### Exercise instructions
Reproduce the listing word for word, leaving every picture behind.

___ Stored data

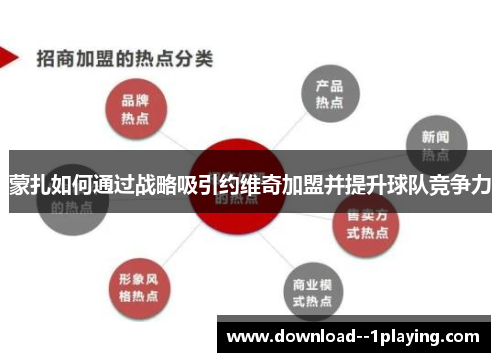 蒙扎如何通过战略吸引约维奇加盟并提升球队竞争力 蒙扎如何通过战略吸引约维奇加盟并提升球队竞争力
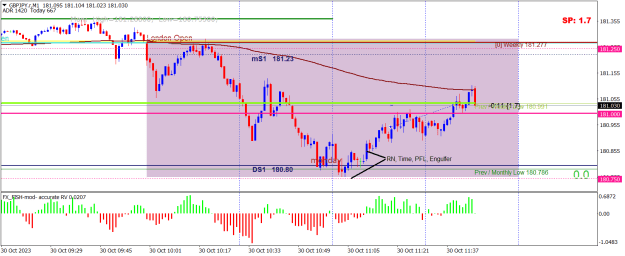 Click to Enlarge

Name: GBPJPY.rM1.png
Size: 24 KB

______

### Answer box
 蒙扎如何通过战略吸引约维奇加盟并提升球队竞争力 蒙扎如何通过战略吸引约维奇加盟并提升球队竞争力
 Click to Enlarge

Name: GBPJPY.rM1.png
Size: 24 KB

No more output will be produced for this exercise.